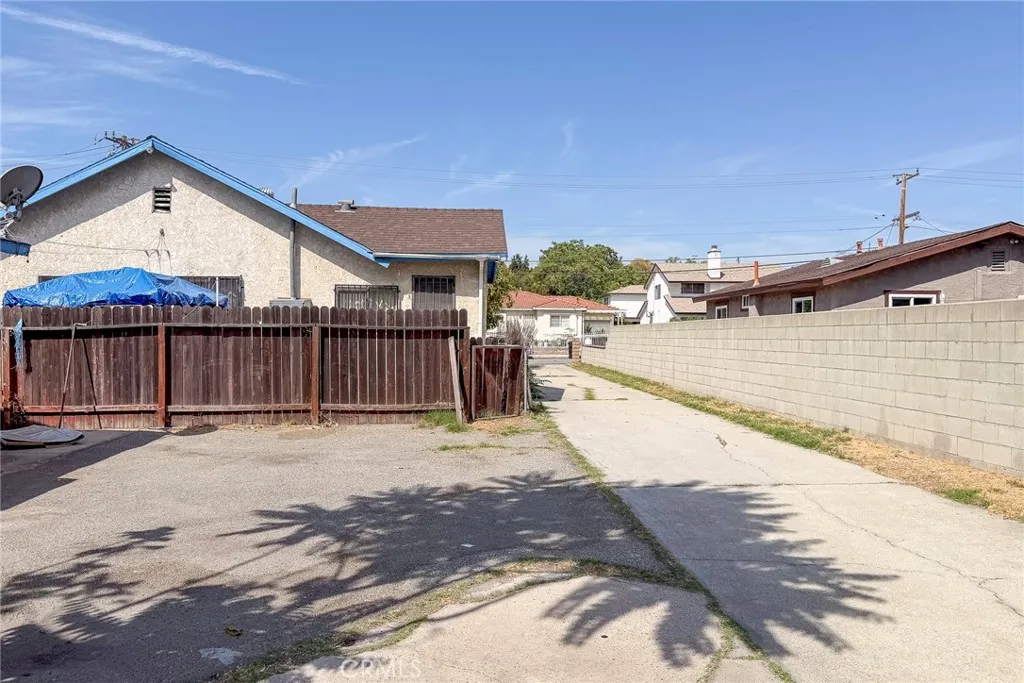 main property photo 61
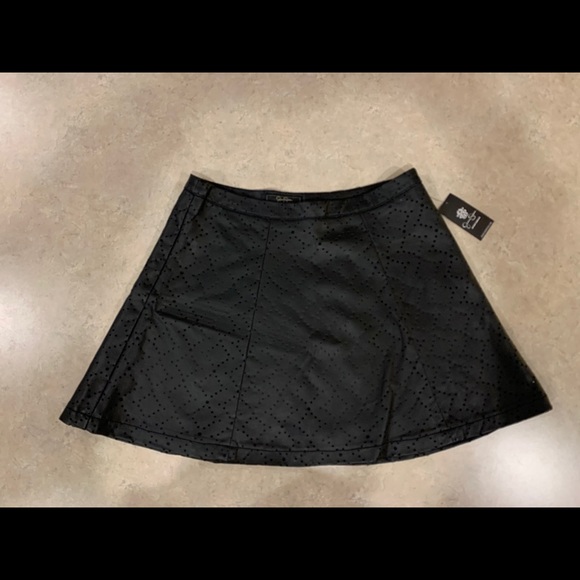 Jessica Simpson Baxter Cut Out Vegan Mini Skirt - Picture 2 of 7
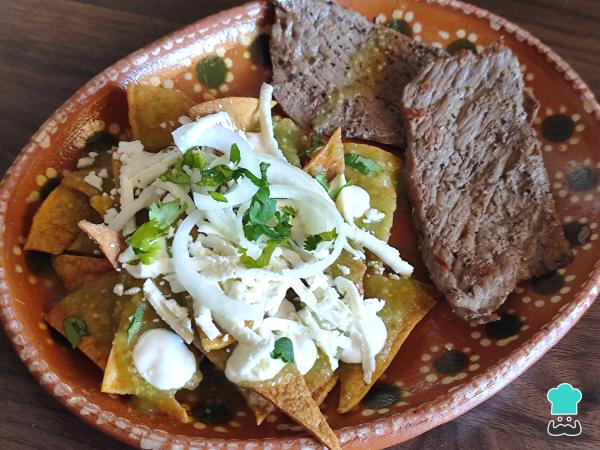 Receta de Chilaquiles verdes con bistec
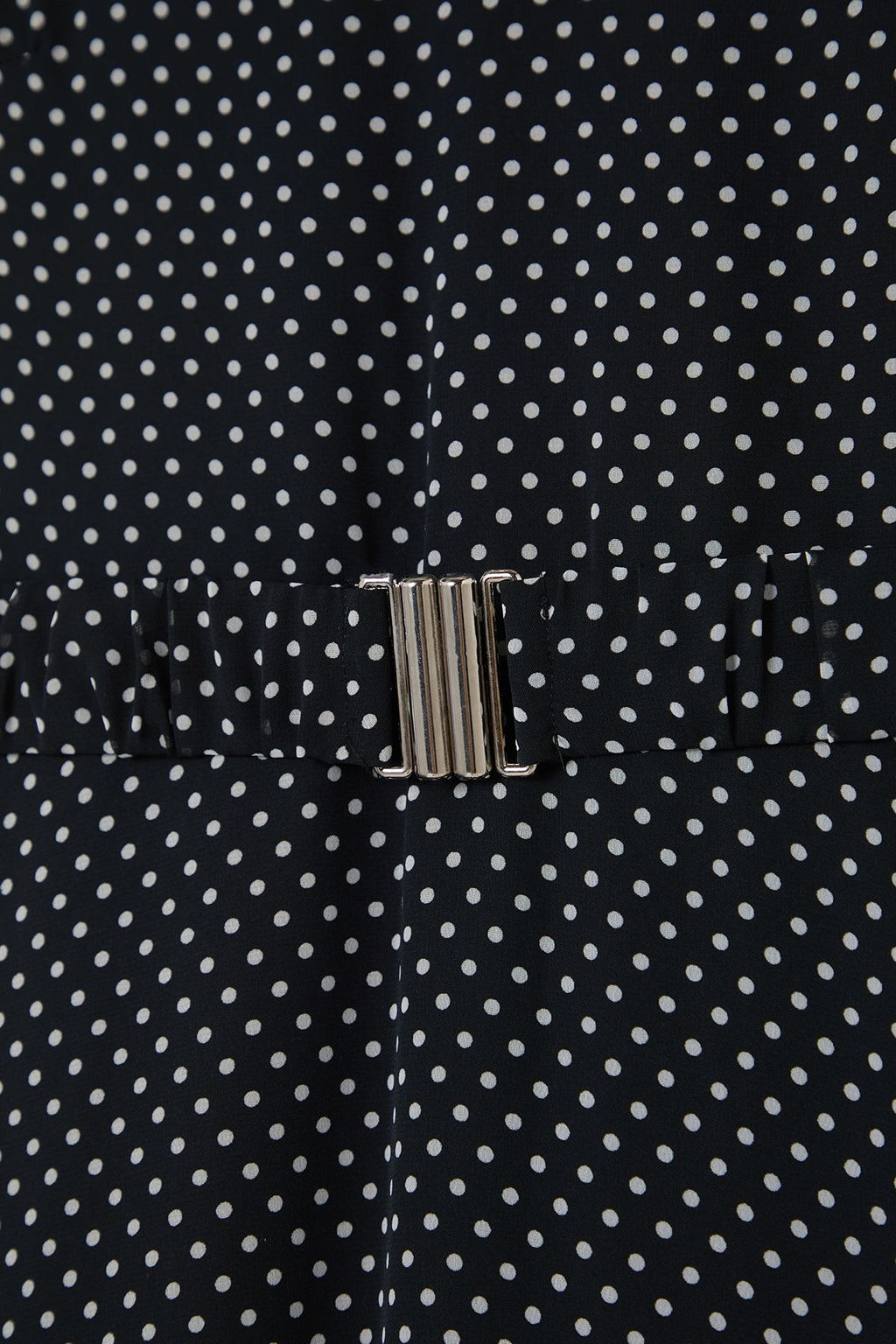 Siyah Kemerli Puantiye Desenli A Kesim Midi Astarl? Sifon Dokuma Elbise TWOSS25EL00135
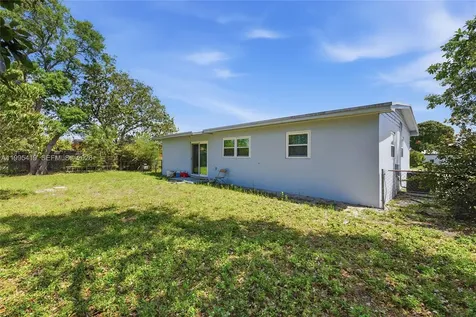 18830 NW 29th Place Miami Gardens FL 33056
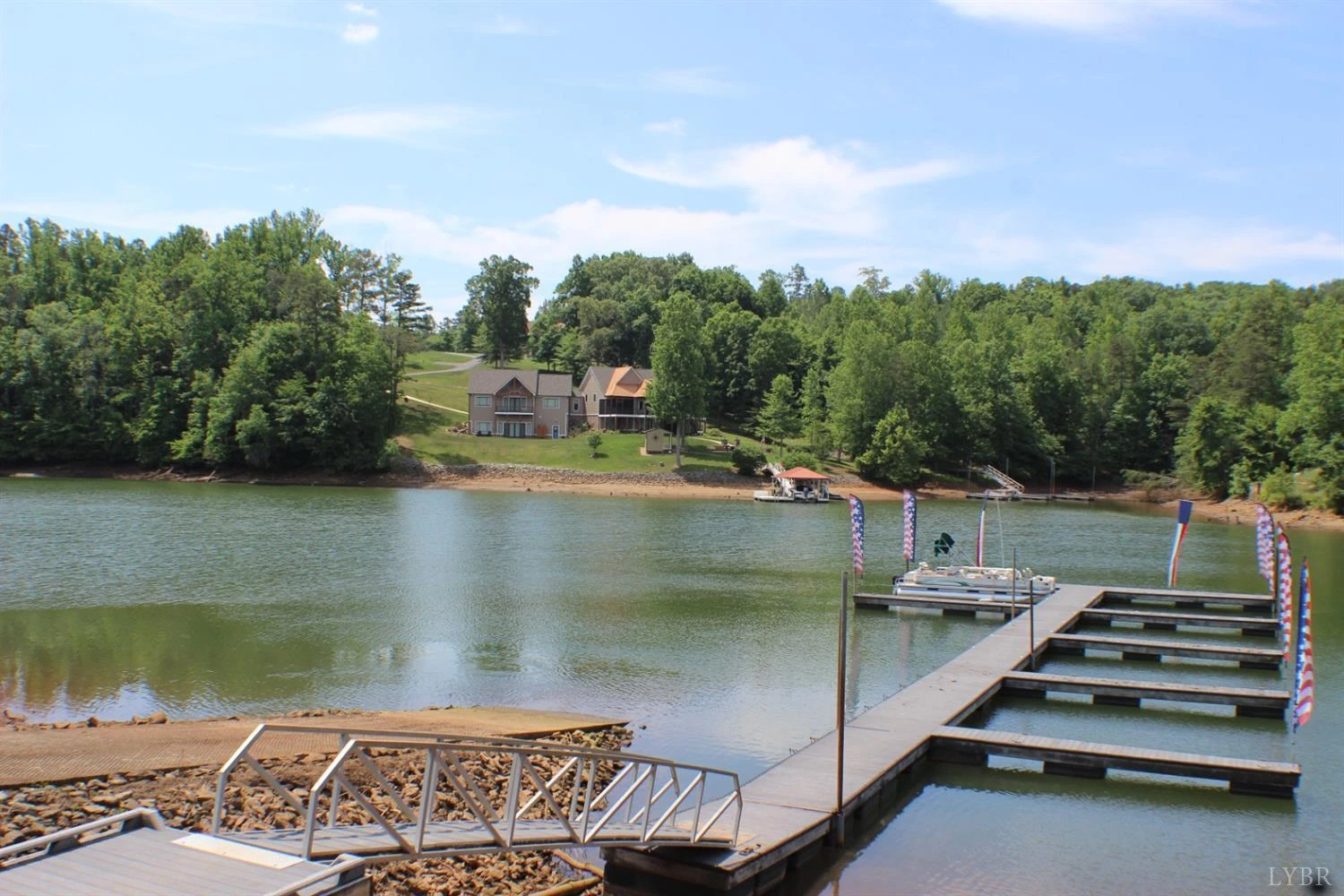 305 Runaway Bay RD - Photo 8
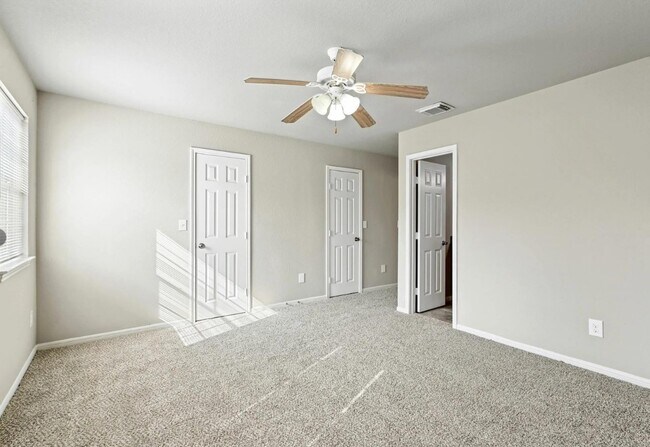 Building Photo - 12003 Clifton Oaks Dr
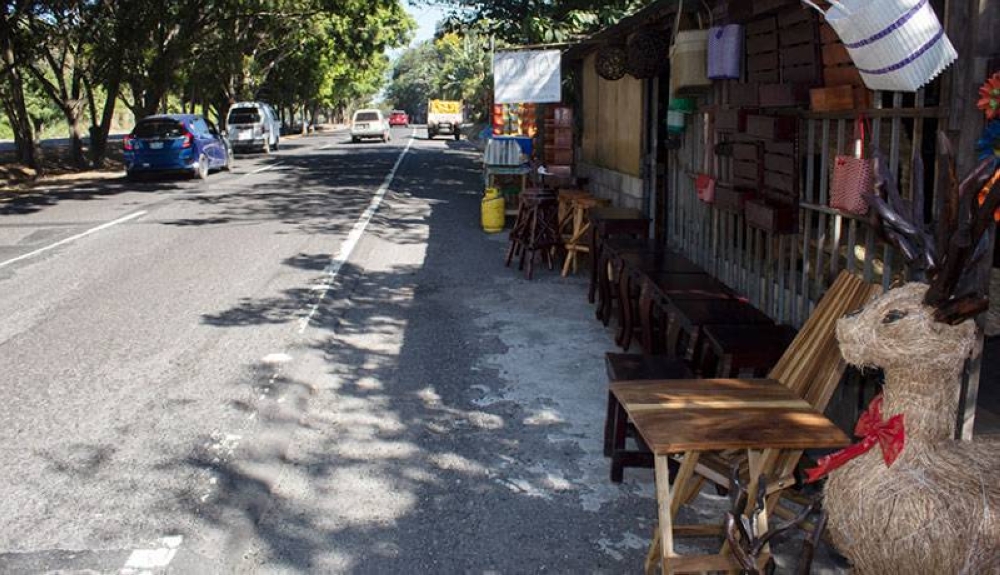 Alexander tiene más de 15 años de vender a la orilla de la carretera. / Emerson del Cid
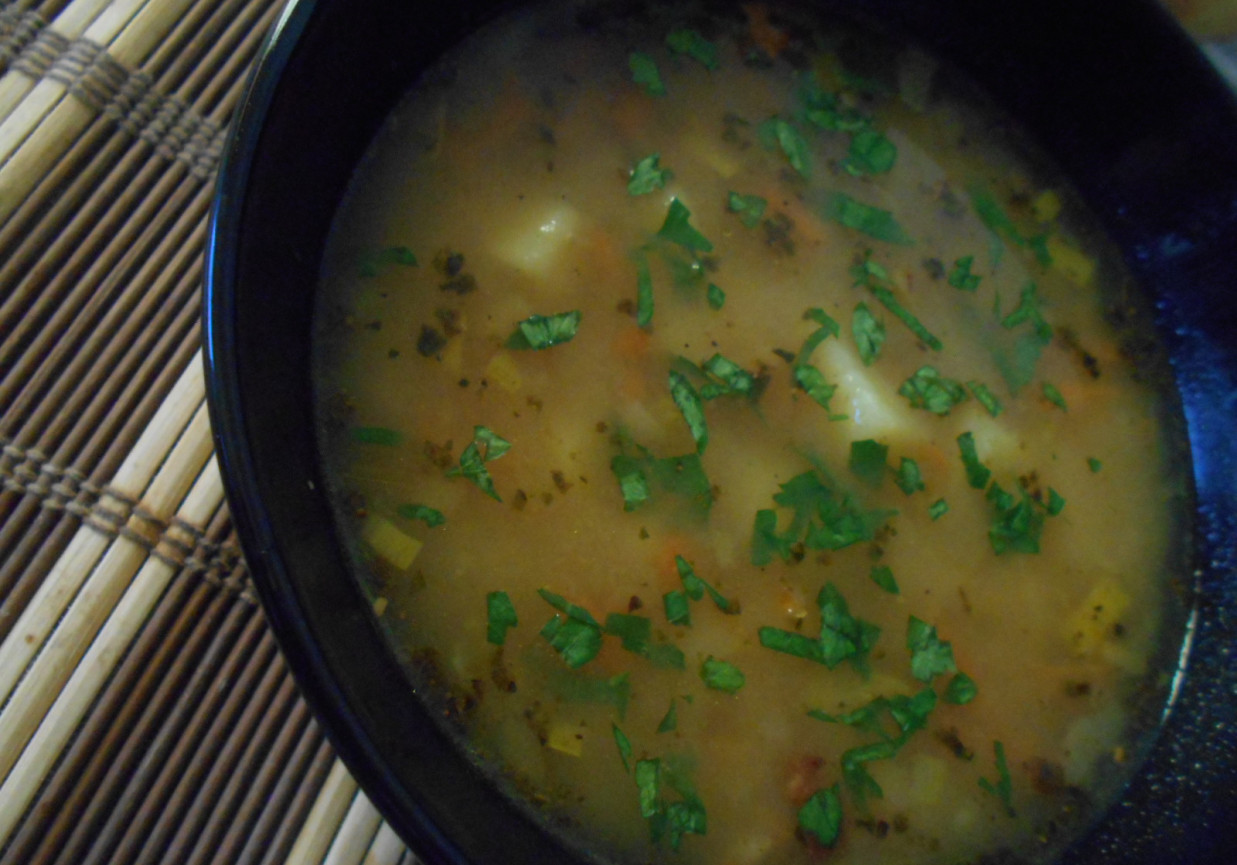 Zupa ziemniaczana z majerankiem foto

▸ What the exercise asks
Produce an exact copy of each line of data, skipping embedded images.

▸ Reply to the task
 main property photo 61
 Jessica Simpson Baxter Cut Out Vegan Mini Skirt - Picture 2 of 7
 Receta de Chilaquiles verdes con bistec
 Siyah Kemerli Puantiye Desenli A Kesim Midi Astarl? Sifon Dokuma Elbise TWOSS25EL00135
 18830 NW 29th Place Miami Gardens FL 33056
 305 Runaway Bay RD - Photo 8
 Building Photo - 12003 Clifton Oaks Dr
 Alexander tiene más de 15 años de vender a la orilla de la carretera. / Emerson del Cid
 Zupa ziemniaczana z majerankiem foto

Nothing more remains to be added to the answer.